About three-quarters of the state is now suffering from severe or extreme drought. (Courtesy of U.S. Drought Monitor)
Almost all of the state is suffering from some measure of drought, and dry conditions intensified over large areas of western Iowa in the past week, according to a U.S. Drought Monitor report on Thursday.
The only remaining pocket of the state with normal soil moisture is in the far southwest corner in Fremont County. Strips of southwest and southeast Iowa are deemed abnormally dry, but everywhere else — about 97% of the state — has drought.
The Drought Monitor uses four degrees to classify that drought: moderate, severe, extreme and exceptional.
None of Iowa has the worst classification. But the areas that have severe or extreme drought now cover about 73% of the state.

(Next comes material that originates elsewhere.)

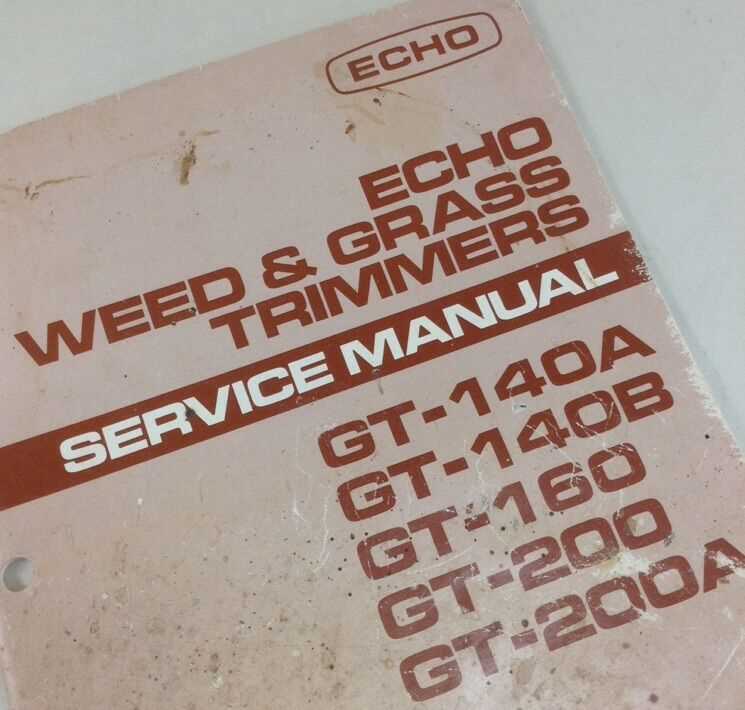 echo gt 225 repair manual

All or part of about three dozen counties in eastern Iowa have had extreme drought in the past two weeks. The increase in drought intensity in the past week was most notable in western Iowa, where severe drought expanded into more than a dozen counties.
A recent lack of rainfall also caused drought to develop in an area of northwest Iowa that was previously classified as “abnormally dry.”
All told, the state is drier than it’s been since December 2012.
Last week, the state averaged about 0.07 inches of rainfall, compared with a normally expected amount of 0.84 inches.
There is a chance for rain in the next week, but that is mostly for the western half of the state, according to the National Weather Service. Much of southwest Iowa is projected to get a half inch of rain or more. Southeast Iowa might have almost none.
The federal Climate Prediction Center has reported that drought is likely to develop further and remain for months.